CG: Yes, because our process is still evolving every day. We’re always trying something new. We can get very excited about a design one day – we feel it’s so great that the world is going to stop turning on its axis – then we look at it the next day and realise it was actually pretty terrible and the world crumbles. [Laughs.]. We repeat the process for many days and eventually a new series of objects comes out of the workshop. We’ve spent a lot of time recently designing the renovation of our workshop. It used to be a car repair shop, and we are turning it into a liveable workspace. It’s our first architecture project, and quite a big one, so it’s both very exciting and terrifying at the same time. It’s probably a good thing; the mark of a project worth pursuing.

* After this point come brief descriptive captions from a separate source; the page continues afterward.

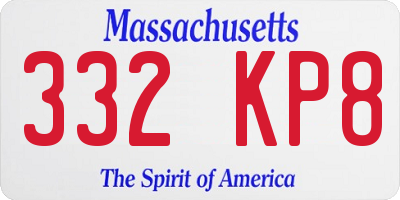 MA license plate 332KP8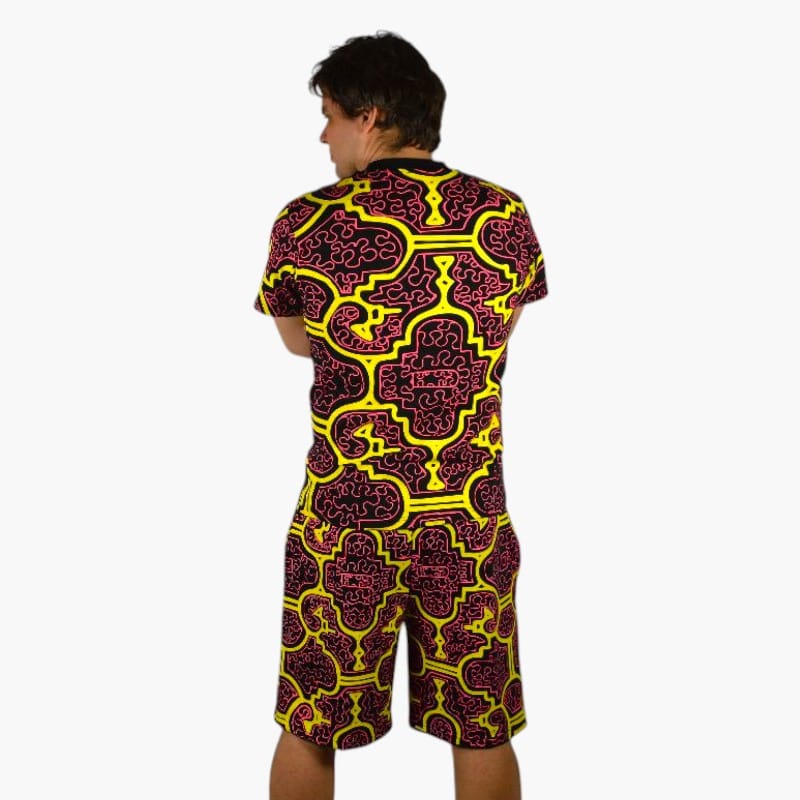 Schwarzlicht Set Tank Top Shorts Shipibo gelb-pink Schwarzlicht Set Tank Top Shorts Shipibo gelb-pink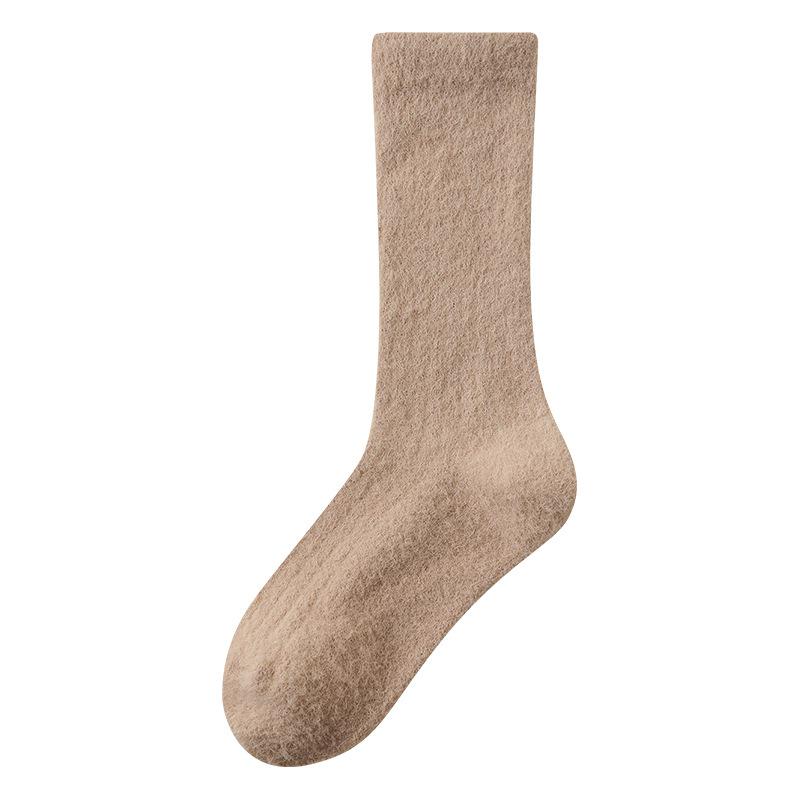 Women's Autumn and Winter Fleece and Thickened Warm Fleece Postpartum Socks, Simple and Versatile Sleep Socks, Pile Socks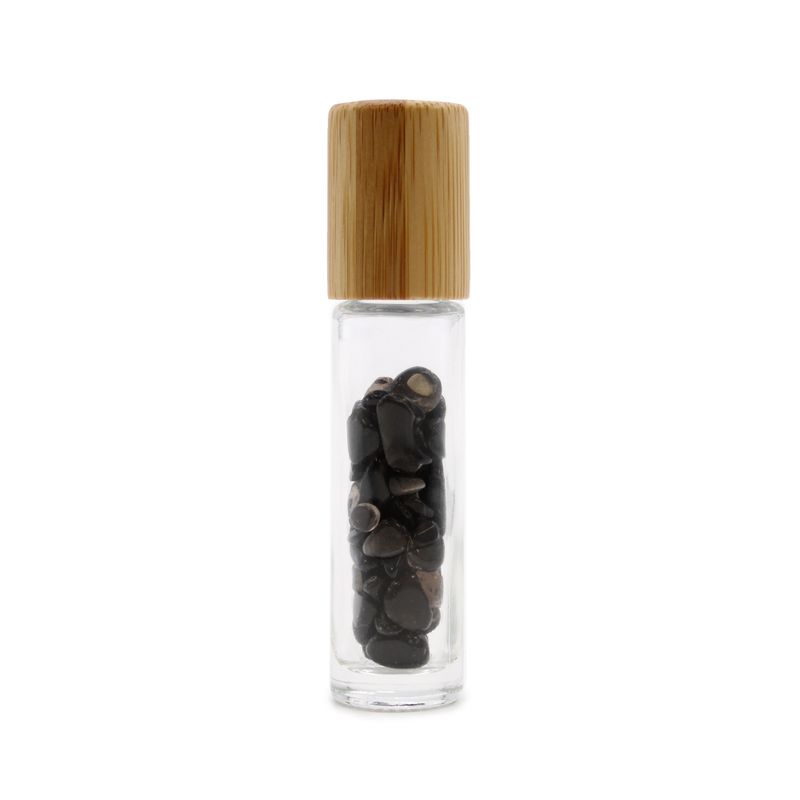 Gemstone Essential Oil Roller Bottle - Black Tourmaline  - Wooden Cap + Gemstone Roller Tip for 5ml Bottle - Black Tourmaline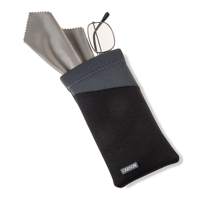 Carson neoprene brillenhoesje met microvezeldoekje - zwart/grijs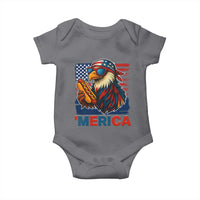 Funny American Eagle Eating Hot Dog Baby Onesie 4th Of July Party Patriotic USA Flag - Wonder Print Shop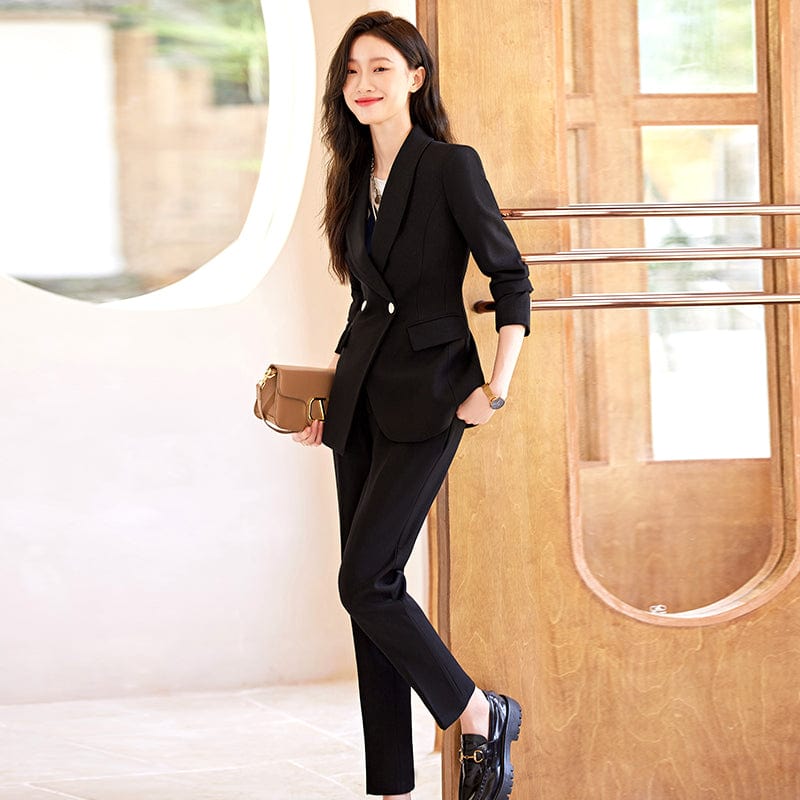 M / 2 Piece Black Pant Suit OEM Wholesale 2 Piece Solid Set for Women Business Office Lady Work Wear Single Breasted Clothes Blazer with Trousers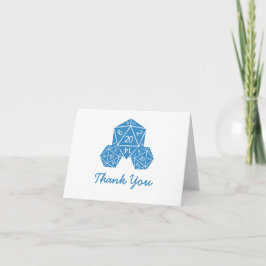 Blaue Würfel D20 danken Ihnen zu kardieren Dankeskarte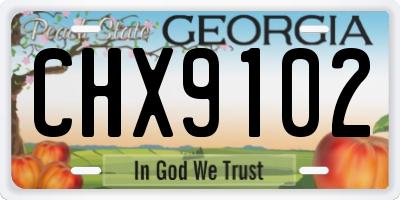 GA license plate CHX9102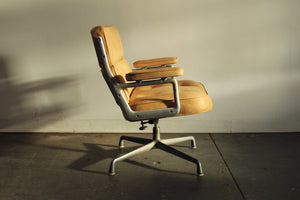 Eames Time Life Lobby Chair in Natural Leather, 1970s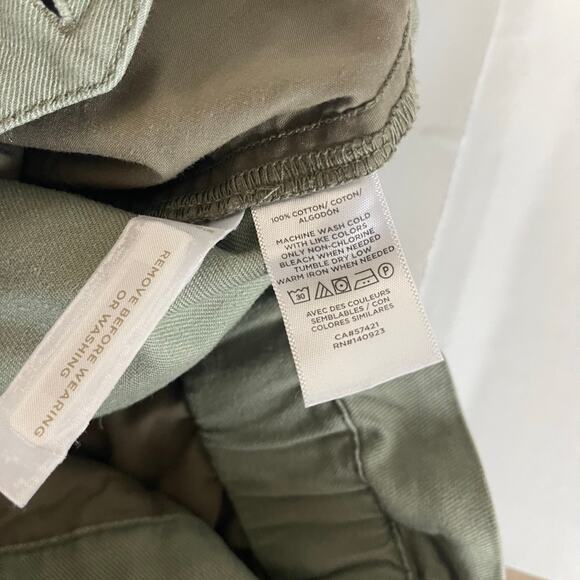 Loft High Rise Belted Paperbag Green Rolled Hem Shorts - Size 2 - Picture 5 of 5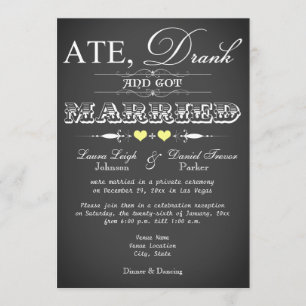 Chalkboard Style Wedding Reception Only Invite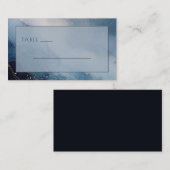 Serene Blue Abstract Cosmic Platzkarte (Vorne/Hinten)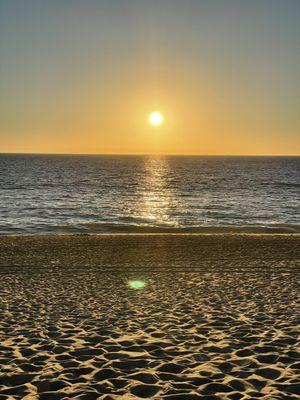 Sunset, ocean, sandy beach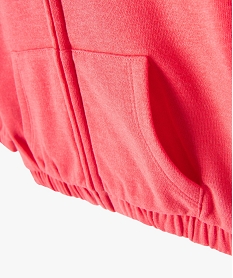 sweat zippe a capuche interieur molletonne bebe fille roseE153501_2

SG: And we’ve been thinking of places that excite us. Not necessarily for design ideas, but more for a feeling. To think of unusual and unexpected nooks you don’t know you need. I love the Judd Foundation in New York. The last time we were there, our tour guide pointed to a niche below the staircase and asked if anyone could guess what it was. A place for storage, or a safe? It was actually a hidden puppet theatre that Judd had built for his kids. We couldn’t believe it. Donald Judd, on top of being Judd, and doing all his Judd things like building a ranch and being one of the most celebrated artists of the century, had the time to build puppet theatre for his kids! I hate using this word, but it was quite inspiring. Generally speaking though, I think that finding inspiration is not the issue – we are bombarded with inspiration. The challenge is to shield oneself from that information overload and develop the capacity to distinguish what’s actually great from the rest.